Was der European Accessibility Act für digitale Produkte bedeutet
Der European Accessibility Act (EAA) ist seit dem 28. Juni 2025 in allen EU-Mitgliedstaaten geltendes Recht. Er verpflichtet Unternehmen, ihre digitalen Produkte und Dienstleistungen für Menschen mit Behinderungen zugänglich zu gestalten.
Der Geltungsbereich ist breit:
- E-Commerce: Online-Shops müssen vollständig per Tastatur bedienbar sein, Produktinformationen maschinenlesbar bereitstellen und barrierefreie Bezahlprozesse anbieten
- Finanzdienstleistungen: Online-Banking, Versicherungsportale und Anlagetools fallen unter die Regelung
- Kommunikationsdienste: Messenger, Videokonferenz-Tools und E-Mail-Plattformen müssen zugänglich sein
- Transportdienstleistungen: Buchungsplattformen, Fahrplaninformationen und Check-in-Systeme sind betroffen
- E-Books und digitale Medien: Inhalte müssen in zugänglichen Formaten bereitgestellt werden
Der technische Referenzstandard ist die EN 301 549, die inhaltlich auf den Web Content Accessibility Guidelines (WCAG) 2.1 aufbaut.
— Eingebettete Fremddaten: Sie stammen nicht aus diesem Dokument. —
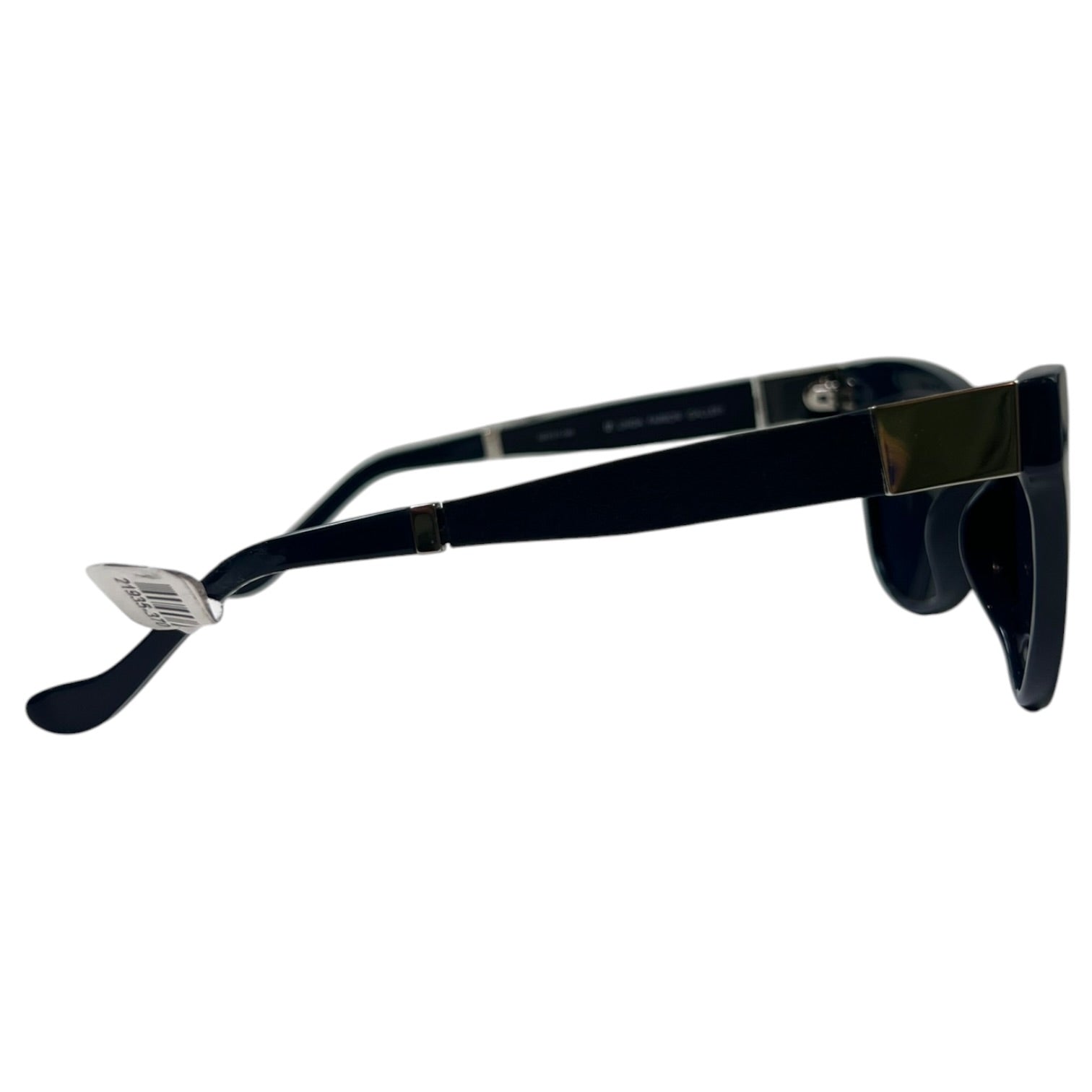 The Row Cat-Eye Sunglasses Navy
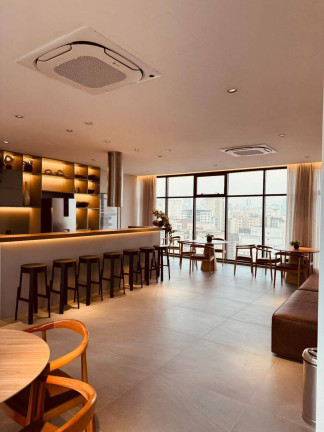 Imagem Apartamento com 1 Quarto à Venda, 30 m² em Vila Pompéia - São Paulo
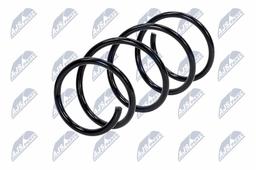 Ressort de suspension NTY ASZ-RE-028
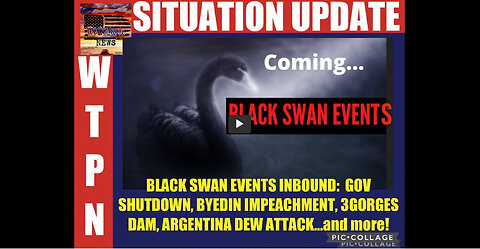 SITUATION UPDATE 9 25 23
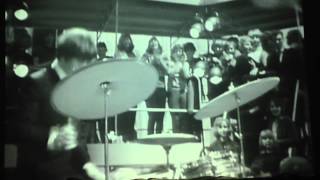 Ringo Starr of the Beatles sings I Wanna Be Your Man 1964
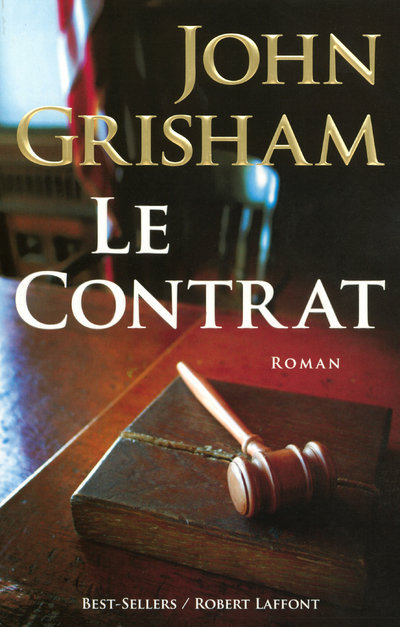 Knjiga Le contrat John Grisham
In der Praxis orientieren sich die meisten Unternehmen bereits an WCAG 2.2, da dieser Standard aktueller und umfassender ist.
Verstösse sind keine Kavaliersdelikte. Die nationale Umsetzung sieht Marktüberwachungsbehörden, Beschwerdeverfahren und Sanktionen vor. Unternehmen, die den EAA ignorieren, riskieren neben Bussgeldern auch Abmahnungen und Reputationsschäden.